The lines below that include "Woidtke" are to be found and copied.

Stored data

§ §

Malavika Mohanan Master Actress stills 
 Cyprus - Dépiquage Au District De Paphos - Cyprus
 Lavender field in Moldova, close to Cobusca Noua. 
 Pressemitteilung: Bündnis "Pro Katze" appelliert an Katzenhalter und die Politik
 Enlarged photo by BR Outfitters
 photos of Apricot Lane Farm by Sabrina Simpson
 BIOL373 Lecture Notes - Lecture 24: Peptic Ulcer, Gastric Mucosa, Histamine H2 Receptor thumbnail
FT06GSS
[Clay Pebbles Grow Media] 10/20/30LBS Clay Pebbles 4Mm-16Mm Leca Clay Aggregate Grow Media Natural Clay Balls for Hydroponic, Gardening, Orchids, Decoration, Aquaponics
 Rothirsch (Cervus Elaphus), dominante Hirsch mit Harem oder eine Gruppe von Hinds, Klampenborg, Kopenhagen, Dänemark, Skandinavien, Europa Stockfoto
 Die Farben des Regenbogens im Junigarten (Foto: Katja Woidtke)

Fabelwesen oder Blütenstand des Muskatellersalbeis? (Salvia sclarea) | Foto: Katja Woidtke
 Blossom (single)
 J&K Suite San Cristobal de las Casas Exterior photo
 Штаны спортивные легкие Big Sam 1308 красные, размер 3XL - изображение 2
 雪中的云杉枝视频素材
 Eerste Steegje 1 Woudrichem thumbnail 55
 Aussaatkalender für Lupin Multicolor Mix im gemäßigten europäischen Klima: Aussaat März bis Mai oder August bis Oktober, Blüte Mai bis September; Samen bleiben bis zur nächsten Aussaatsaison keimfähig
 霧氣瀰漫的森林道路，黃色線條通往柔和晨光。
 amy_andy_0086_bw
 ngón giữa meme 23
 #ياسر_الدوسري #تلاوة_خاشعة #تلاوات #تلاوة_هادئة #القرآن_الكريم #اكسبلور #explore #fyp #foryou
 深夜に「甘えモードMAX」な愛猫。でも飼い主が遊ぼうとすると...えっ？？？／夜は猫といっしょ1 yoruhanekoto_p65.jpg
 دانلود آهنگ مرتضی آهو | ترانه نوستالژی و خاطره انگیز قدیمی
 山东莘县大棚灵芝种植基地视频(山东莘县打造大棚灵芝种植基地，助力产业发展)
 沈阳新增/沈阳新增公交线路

§ §

* Completed task:
 Die Farben des Regenbogens im Junigarten (Foto: Katja Woidtke)
Fabelwesen oder Blütenstand des Muskatellersalbeis? (Salvia sclarea) | Foto: Katja Woidtke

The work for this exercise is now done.